Extremely Slow Deploy to NVME drives
-
@robbit The sg300 is a good enough switch. So lets rule out network infrastructure.
The 7050 most likely has a NMVe disk in it. So I’m pretty sure we can rule out the FOG server, so that kind of leaves the target computer.
I’m trying to remember if I’ve seen this issue before with nvme. I’m thinking yes (but I see a lot of things in the threads so I may be mixing up issues). The latest version of fog is 1.5.7.2 which addresses a few issues that was discovered after 1.5.7 was release. How did you install FOG, was it using the git method or tarball?
-
@george1421 said in Extremely Slow Deploy to NVME drives:
tarball
Tarbell. I went https://fogproject.org/download to download it. Installed it as Normal Server.

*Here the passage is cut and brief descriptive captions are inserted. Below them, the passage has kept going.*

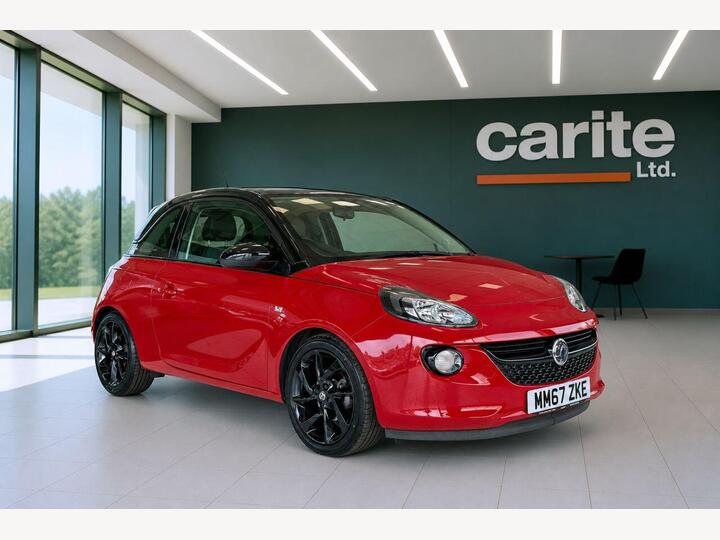 Vauxhall ADAM 1.2i EcoFLEX ENERGISED Euro 6 (s/s) 3dr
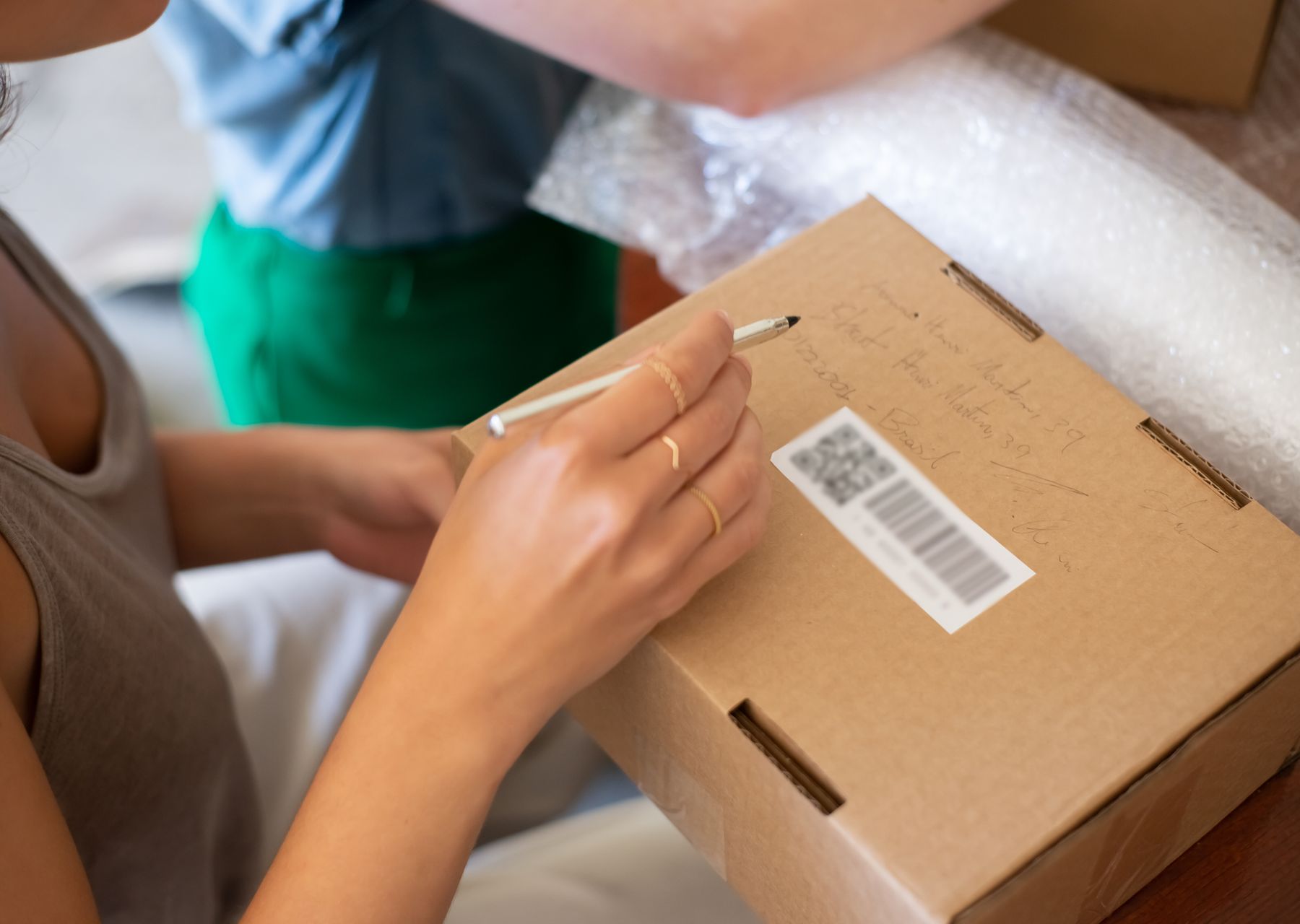 Same-day removals van loading — removals and storage in Carron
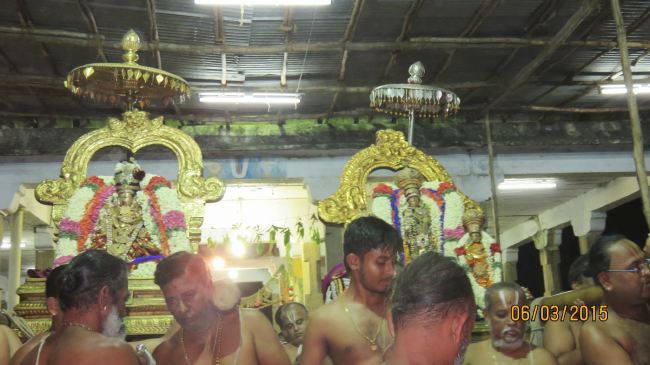 Kanchi Sri Devarjaswami Temple Dhavanotsavam day 1 2015 2015 -36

I forgot to mention, Fog is installed on a standard 3TB 3.5" HDD. The images are being stored under /images.
-
I’m not going to say this will fix the issue but lets setup the git method, because it will be easier to install future updates this way. FWIW the download method is the tarball way.
Run these commands.
sudo apt-get update && apt-get install git sudo -i git clone https://github.com/FOGProject/fogproject.git /root/fogproject cd /root/fogproject/bin ./installfog.sh
Just rerun through the installer, it will use the answer file you created on the first install. Hopefully that will bring you up to 1.5.7.2, if not we will need to switch to the development branch. But lets see if we can get to the right version this way.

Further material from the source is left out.